Even after cutting off internet access, WikiLeaks managed on Tuesday to release more emails purportedly part of a trove of 50,000 messages stolen from the gmail account Clinton’s campaign chairman, John Podesta

According to newly published emails, former first daughter Chelsea Clinton discovered and shared wide-ranging allegations involving conflict-of-interest concerns involving the The Clinton Foundation when her mother launched her presidential bid last year.

Experts contacted by FoxNews.com said there may be a variety of ways WikiLeaks could continue to release documents even with Assange's Internet access gone, from forms of communication that don’t involve the Internet to a dead-man’s switch.

“The simplest explanation is that the rest of WikiLeaks has access to unreleased documents, online accounts, and servers, and a protocol to operate if they cannot communicate with Assange,” Shuman Ghosemajumder, the CTO at Shape Security, told FoxNews.com in an email.

It’s unclear just how Ecuador cut off Assange’s Internet access, so it’s possible the WikiLeaks founder still has some form of connection, Ghosemajumder speculated.

The could be “something as simple as connecting to an external WiFi access point, to using a MiFi connection, to having access to a telephone and using dialup,” he said.

And even without Internet access, there are still ways to get a message out to the rest of his organization, Ghosemajumder pointed out, writing that “if he is able to communicate with the external world in any way, he can at least give the rest of WikiLeaks instructions.”

If Assange is being cut off from the internet for diplomatic reasons, it may be due to Correa's politics.
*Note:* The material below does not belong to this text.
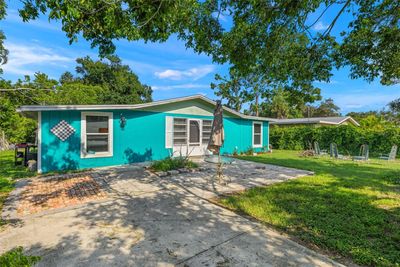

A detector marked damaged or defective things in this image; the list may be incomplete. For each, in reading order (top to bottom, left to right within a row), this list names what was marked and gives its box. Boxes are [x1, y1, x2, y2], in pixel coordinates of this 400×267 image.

cracked concrete slab [0, 160, 340, 266]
The leftist politician recently told the Moscow-backed RT broadcaster that he'd prefer Clinton over Trump.

"For the United States, I'd like the winner to be Hillary, whom I also know personally and appreciate very much," Correa said.
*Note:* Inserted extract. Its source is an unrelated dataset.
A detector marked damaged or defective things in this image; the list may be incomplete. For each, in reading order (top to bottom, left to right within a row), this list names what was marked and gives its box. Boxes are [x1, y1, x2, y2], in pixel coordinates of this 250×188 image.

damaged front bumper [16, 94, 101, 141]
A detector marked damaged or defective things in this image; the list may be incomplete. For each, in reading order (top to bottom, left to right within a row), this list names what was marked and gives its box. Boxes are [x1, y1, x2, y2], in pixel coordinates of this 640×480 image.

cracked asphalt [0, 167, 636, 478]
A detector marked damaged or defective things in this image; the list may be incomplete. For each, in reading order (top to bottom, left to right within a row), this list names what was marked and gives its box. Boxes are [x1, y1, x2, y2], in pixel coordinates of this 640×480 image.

Marc Becker, a professor of Latin American history at Truman State University in Missouri, told the AP that while Clinton had successfully pulled Correa into her orbit during her tenure as secretary of state, he doubted Ecuador had merely bowed to U.S. pressure. He ventured that Correa's government opposes the idea of interfering in another country's affairs "and doesn't appreciate their guests using their resources to that end."
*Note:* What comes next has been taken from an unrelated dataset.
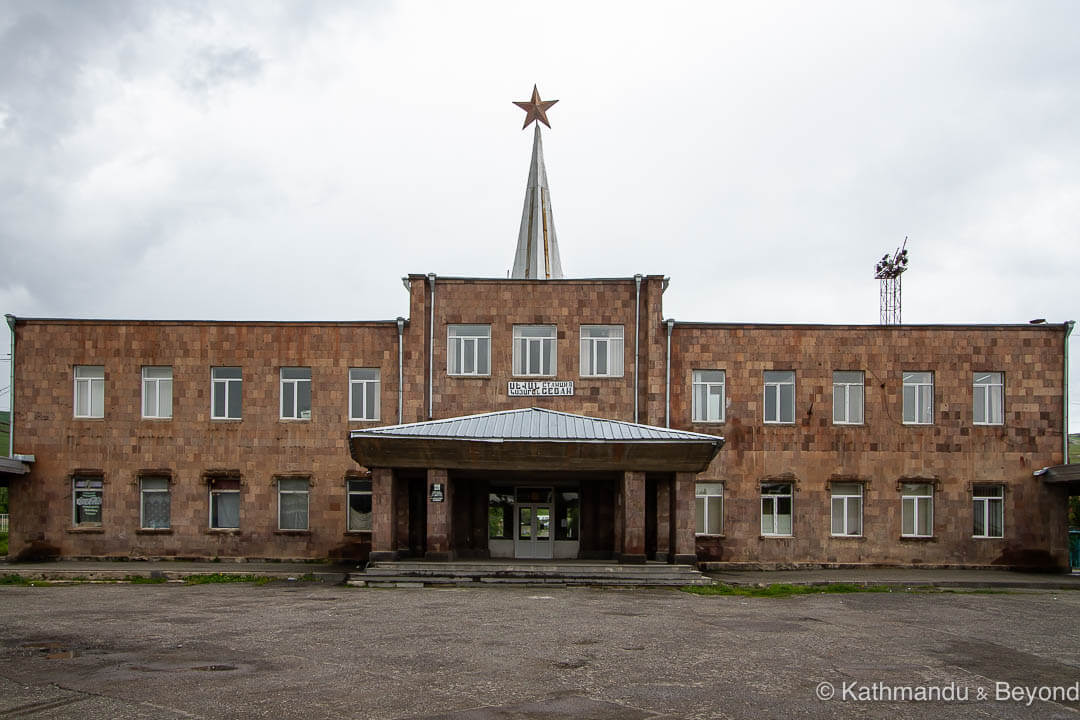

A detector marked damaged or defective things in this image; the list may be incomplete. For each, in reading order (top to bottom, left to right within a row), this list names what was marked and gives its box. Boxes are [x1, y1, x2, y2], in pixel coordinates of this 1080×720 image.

Assange originally fled to the Ecuadorean Embassy on June 19, 2012, after a drawn-out and ultimately unsuccessful legal battle to being sent to Sweden, where he remains wanted over an allegation of rape. 

Ecuador granted him asylum, but British authorities have made clear they would arrest him if he tried to leave. London's Metropolitan Police used to maintain a visible presence outside the building, although officers were nowhere in sight when an AP journalist visited on Tuesday.

The Associated Press contributed to this report.